Authors:	Jorge Cimentada [aut, cre]
Maintainer:	Jorge Cimentada <[email protected]>
License:	MIT + file LICENSE
Version:	1.0.5
Built:	2025-02-08 03:52:34 UTC
Source:	https://github.com/cimentadaj/perccalc

Calculate percentile differences from an ordered categorical variable and a continuous variable.

Description

Calculate percentile differences from an ordered categorical variable and a continuous variable.

Usage

perc_diff(
  data_model,
  categorical_var,
  continuous_var,
  weights = NULL,
  percentiles = c(90, 10)
)

perc_diff_df(
  data_model,
  categorical_var,
  continuous_var,
  weights = NULL,
  percentiles = c(90, 10)
)
perc_diff(
  data_model,
  categorical_var,
  continuous_var,
  weights = NULL,
  percentiles = c(90, 10)
)

perc_diff_df(
  data_model,
  categorical_var,
  continuous_var,
  weights = NULL,
  percentiles = c(90, 10)
)

Arguments

`data_model`	A data frame with at least the categorical and continuous variables from which to estimate the percentile differences
`categorical_var`	The bare unquoted name of the categorical variable. This variable SHOULD be an ordered factor. If not, will raise an error.
`continuous_var`	The bare unquoted name of the continuous variable from which to estimate the percentiles
`weights`	The bare unquoted name of the optional weight variable. If not specified, then estimation is done without weights
`percentiles`	A numeric vector of two numbers specifying which percentiles to subtract

Details

perc_diff drops missing observations silently for calculating the linear combination of coefficients.

Value

perc_diff returns a vector with the percentile difference and its associated standard error. perc_diff_df returns the same but as a data frame.

Examples



set.seed(23131)
N <- 1000
K <- 20

toy_data <- data.frame(id = 1:N,
                       score = rnorm(N, sd = 2),
                       type = rep(paste0("inc", 1:20), each = N/K),
                       wt = 1)


# perc_diff(toy_data, type, score)
# type is not an ordered factor!

toy_data$type <- factor(toy_data$type, levels = unique(toy_data$type), ordered = TRUE)

perc_diff(toy_data, type, score, percentiles = c(90, 10))
perc_diff(toy_data, type, score, percentiles = c(50, 10))

perc_diff(toy_data, type, score, weights = wt, percentiles = c(30, 10))
# Results as data frame
perc_diff_df(toy_data, type, score, weights = wt, percentiles = c(30, 10))

set.seed(23131)
N <- 1000
K <- 20

toy_data <- data.frame(id = 1:N,
                       score = rnorm(N, sd = 2),
                       type = rep(paste0("inc", 1:20), each = N/K),
                       wt = 1)


# perc_diff(toy_data, type, score)
# type is not an ordered factor!

toy_data$type <- factor(toy_data$type, levels = unique(toy_data$type), ordered = TRUE)

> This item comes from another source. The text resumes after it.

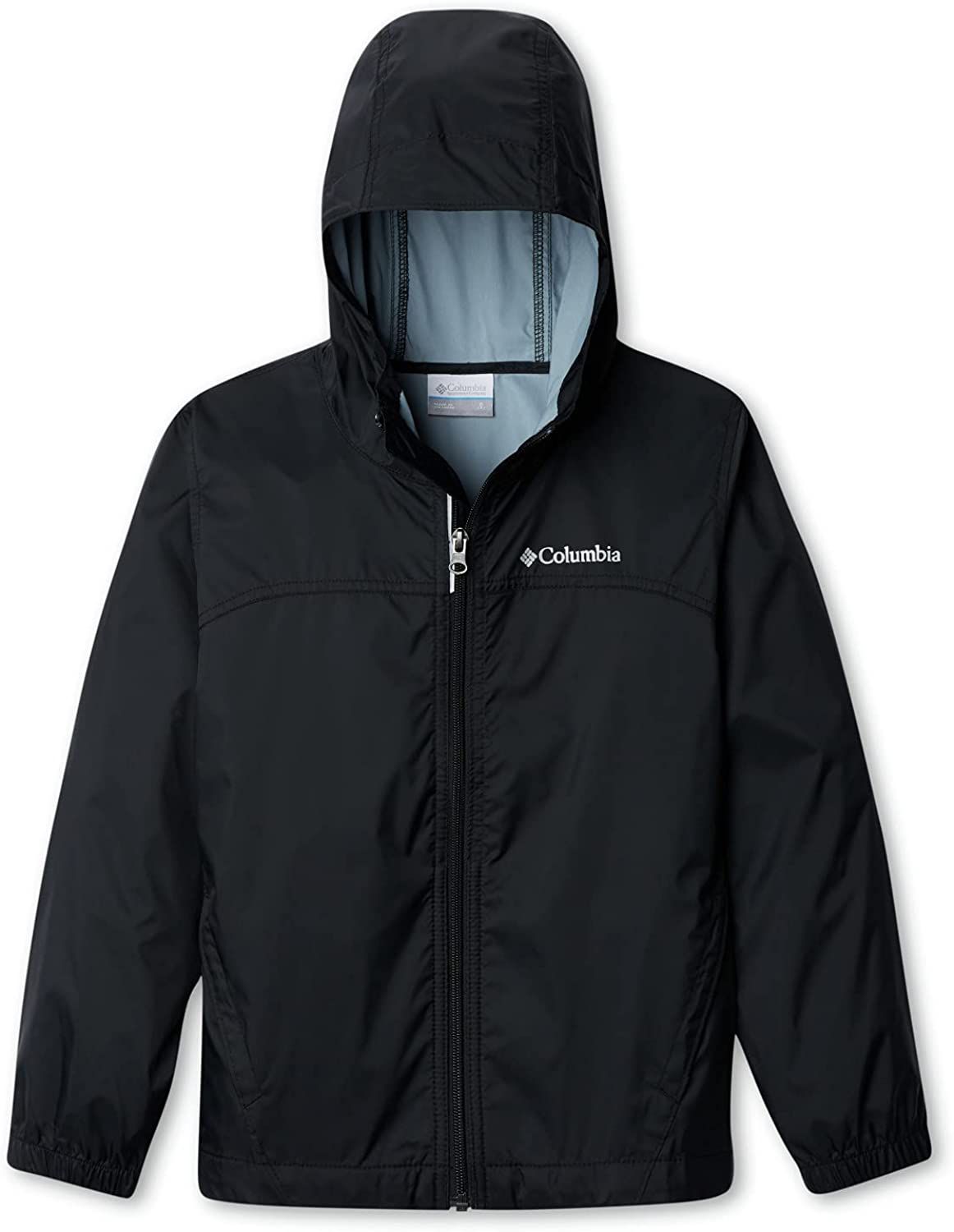 Columbia Boysâ Glennaker Rain Jacket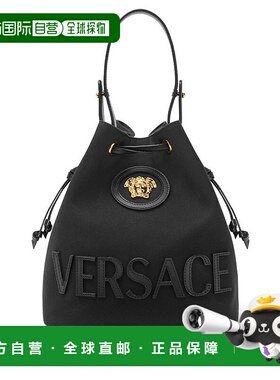 VERSACE 女士斜挎包 10182971A138681B00V SS2025手提包单肩包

perc_diff(toy_data, type, score, percentiles = c(90, 10))
perc_diff(toy_data, type, score, percentiles = c(50, 10))

perc_diff(toy_data, type, score, weights = wt, percentiles = c(30, 10))
# Results as data frame
perc_diff_df(toy_data, type, score, weights = wt, percentiles = c(30, 10))

Calculate a distribution of percentiles from an ordered categorical variable and a continuous variable.

Description

Calculate a distribution of percentiles from an ordered categorical variable and a continuous variable.

Usage

perc_dist(data_model, categorical_var, continuous_var, weights = NULL)
perc_dist(data_model, categorical_var, continuous_var, weights = NULL)

Arguments

`data_model`	A data frame with at least the categorical and continuous variables from which to estimate the percentiles
`categorical_var`	The bare unquoted name of the categorical variable. This variable should be an ordered factor. If not, will raise an error.
`continuous_var`	The bare unquoted name of the continuous variable from which to estimate the percentiles
`weights`	The bare unquoted name of the optional weight variable. If not specified, then equal weights are assumed.

Details

perc_dist drops missing observations silently for calculating the linear combination of coefficients.

Value

A data frame with the scores and standard errors for each percentile

Examples


set.seed(23131)
N <- 1000
K <- 20

toy_data <- data.frame(id = 1:N,
                       score = rnorm(N, sd = 2),
                       type = rep(paste0("inc", 1:20), each = N/K),
                       wt = 1)


# perc_diff(toy_data, type, score)
# type is not an ordered factor!

toy_data$type <- factor(toy_data$type, levels = unique(toy_data$type), ordered = TRUE)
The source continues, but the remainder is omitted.